The 4th session of Circle of Friends met today with 5 of the 6 group members.  This session is the last preparation session before we invite D to join the circle.  We had the students put themselves in D’s shoes and predict how he might feel and react to the group.  They decided D’s reactions may  be, not wanting to enter the room and hanging  out at the door.   When he becomes overwhelm he often says he wants to go home.   We then brainstormed how we could make it easier for him.  They decided to prepare  a video he could see the week before he came.   We just happened to have a flip camera available to us for just an event.      They decided a video of the group eating lunch together and saying their names and a greeting would make him feel welcome and know who is part of the group.   The students will also make a point of talking to him about their lunch group and how they would like him to join them on Friday.

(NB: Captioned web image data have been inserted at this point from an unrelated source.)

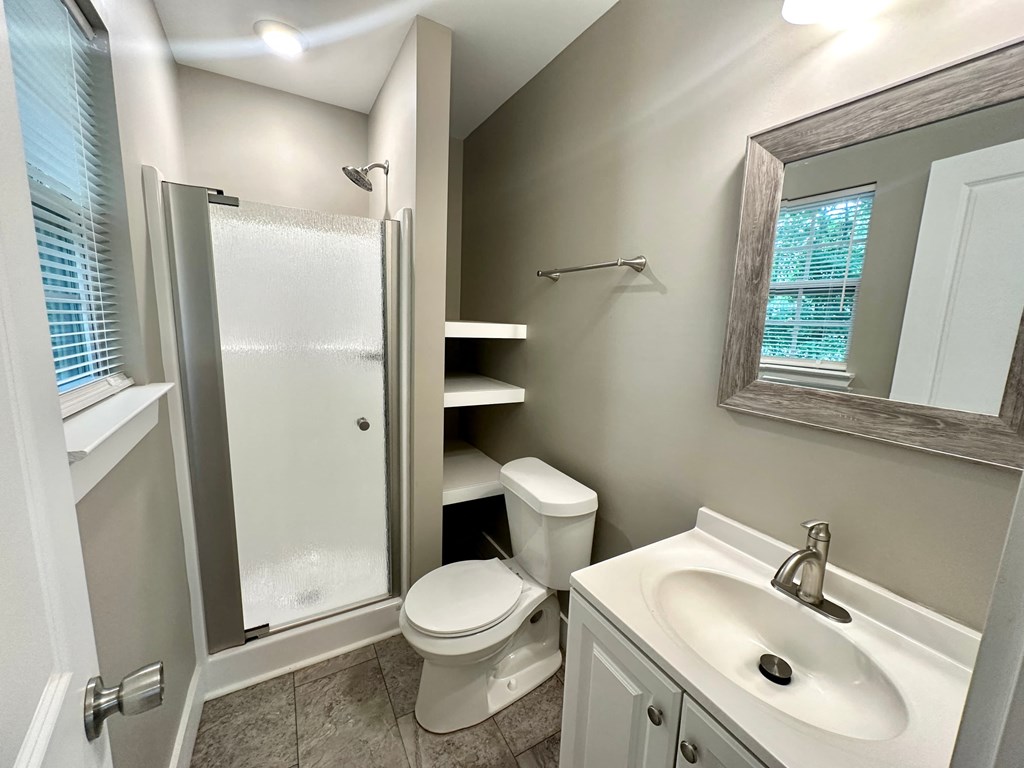 a bathroom with a sink toilet and a shower
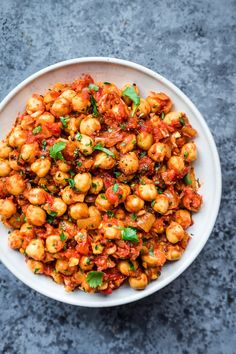 a white bowl filled with chickpeas covered in tomato sauce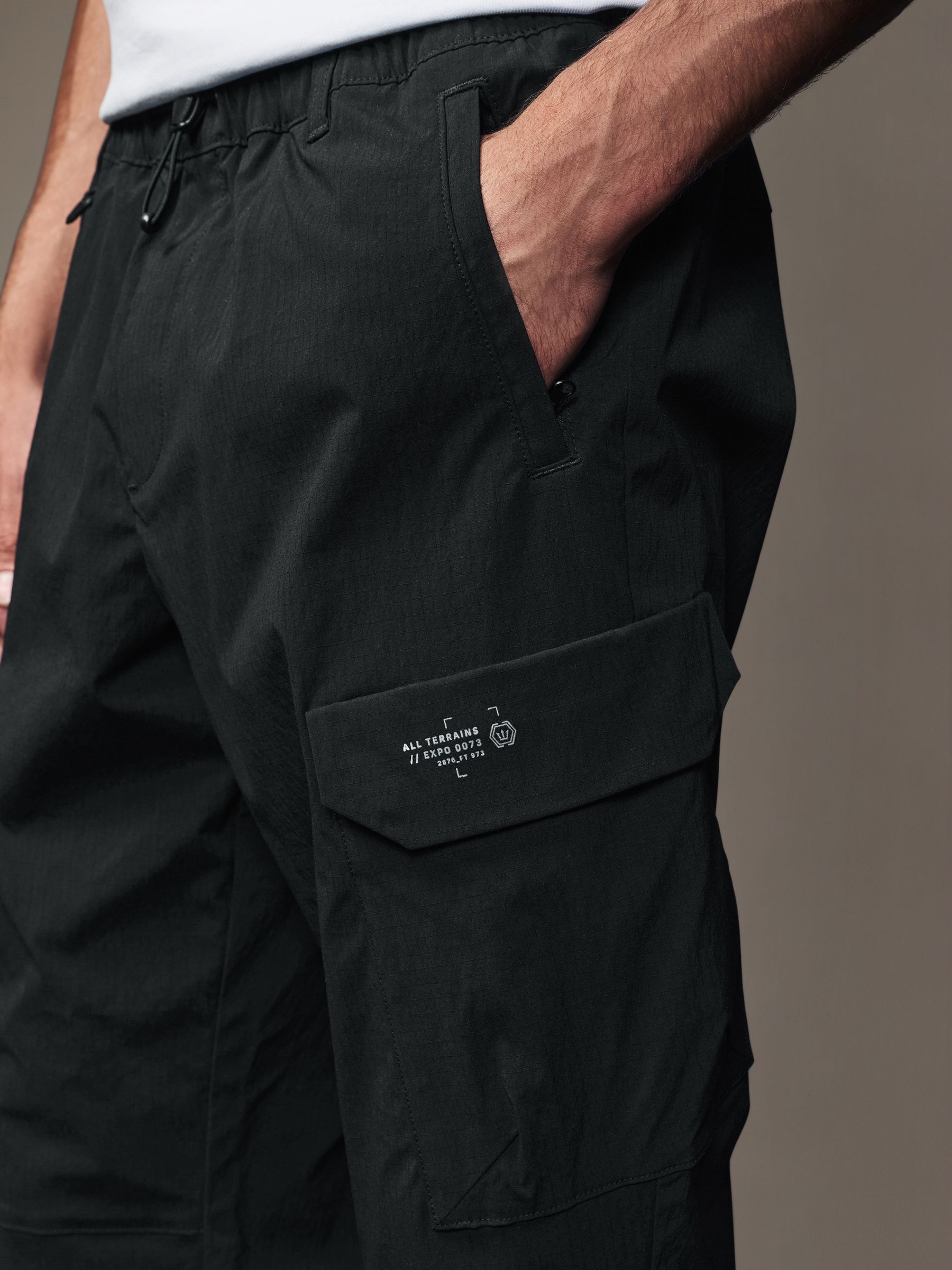Buy Black Regular Fit Ripstop Tech Cargo Trousers from Next USA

We then video taped an activity they could do with D during the next session, called conversational scaffolding.  He is using this activity in his speech therapy sessions to build his conversation skills, so  it should be something he is familiar with.  It’s basically placing slips of paper down on the table to represent questions, comments, and topic changes.  When the students look back on their conversation they can see who participated and in what way.    We used the same activity with the circle of friends group to give them practice and some understanding of how they can help D.   First we talked about activities D was likely to be interested in and found some of them were similar to their interests like books and movies.   We then gave it a try.  It wasn’t long before it was going at a pretty fast rate.  We had a couple of students that needed more thinking time.  The paper trail showed a couple of students asking all the questions,  frequent topic changes, and some interruptions before questions were answered.  We talked about being  responsible listeners during a conversation, and how to include people who didn’t get a chance to enter the conversation.  We pointed out that some people need more thinking  time and may not feel comfortable talking if the topic changed too often.  We then talked about how D may particularly needed more time to respond and would get lost with too many topic changes.  They agreed it would have to go at a slower rate.  Before they left, they said the activity was a lot of fun.  This always amazes me.  Sometimes there is a lot of value in just paper.